Supporting these findings, Singel et al. (2019) demonstrated that ascitic fluid from OC patients chemoattracted neutrophils and induced NET release in vitro, an effect attenuated by DNase treatment. Studies on human samples have shown that DNase I treatment of ascites supernatants inhibits NET release by depleting both genomic DNA (gDNA) and mitochondrial DNA (mtDNA) (146). Importantly, exposure to ascites reprogrammed neutrophils toward an immunosuppressive phenotype that inhibited T cell proliferation, suggesting a role for NETosis in tumor-induced immune evasion. In clinical studies, high levels of mitochondrial DNA (mtDNA) and neutrophil elastase—markers of NETosis—in ascites were associated with significantly shorter progression-free survival, indicating that tumor-derived components such as mtDNA can trigger NET formation, platelet activation, and subsequent metastatic spread (146).

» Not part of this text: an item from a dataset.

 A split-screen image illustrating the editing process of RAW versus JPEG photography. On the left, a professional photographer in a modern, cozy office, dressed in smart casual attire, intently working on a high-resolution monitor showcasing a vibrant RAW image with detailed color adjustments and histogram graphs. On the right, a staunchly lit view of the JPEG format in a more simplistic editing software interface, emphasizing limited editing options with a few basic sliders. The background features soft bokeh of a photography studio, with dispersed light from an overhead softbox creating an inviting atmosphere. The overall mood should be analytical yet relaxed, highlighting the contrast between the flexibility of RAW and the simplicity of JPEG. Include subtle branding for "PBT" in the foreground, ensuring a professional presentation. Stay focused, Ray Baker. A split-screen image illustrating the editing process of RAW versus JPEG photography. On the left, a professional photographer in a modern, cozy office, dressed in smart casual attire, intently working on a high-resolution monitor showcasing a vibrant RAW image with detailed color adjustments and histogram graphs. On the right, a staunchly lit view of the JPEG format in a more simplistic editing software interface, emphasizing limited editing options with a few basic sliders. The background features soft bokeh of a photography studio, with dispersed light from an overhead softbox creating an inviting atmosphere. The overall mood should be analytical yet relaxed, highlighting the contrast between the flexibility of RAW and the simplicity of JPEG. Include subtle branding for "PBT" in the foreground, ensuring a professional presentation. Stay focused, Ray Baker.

4.2.1 NETs as diagnostic and prognostic markers
In addition to their role in OC TME, several studies had proposed the possible diagnostic and prognostic significance of NET markers. In a study of ascites samples, high mtDNA levels correlated with shorter progression-free survival and enhanced NET and platelet activation, suggesting that mtDNA may serve as a prognostic marker and therapeutic target (146). Similarly, Montes et al. (2023) reported that elevated levels of NETosis biomarkers—including cell-free DNA (cfDNA), CitH3, calprotectin, and MPO—were detected compared to controls, suggesting their roles in minimally invasive surrogate biomarkers for HGSOC (128). Furthermore, a prospective two-center study involving 188 patients with newly diagnosed EOC, high pretreatment serum levels of genomic DNA, myeloperoxidase (MPO), and citrullinated histone H3 (CitH3)—markers of neutrophil activation and NET formation—were independently associated with worse overall survival (124). However, in contrast to these findings, Dobilas et al. analyzed plasma samples from 199 women with adnexal masses found no significant differences in circulating NETs markers (H3Cit-DNA and dsDNA) between benign, borderline, and malignant groups, suggesting limited diagnostic value in this context (129). Collectively, these findings suggest that while NET markers hold promise for prognostication in OC, their diagnostic utility remains context-dependent and warrants further investigation.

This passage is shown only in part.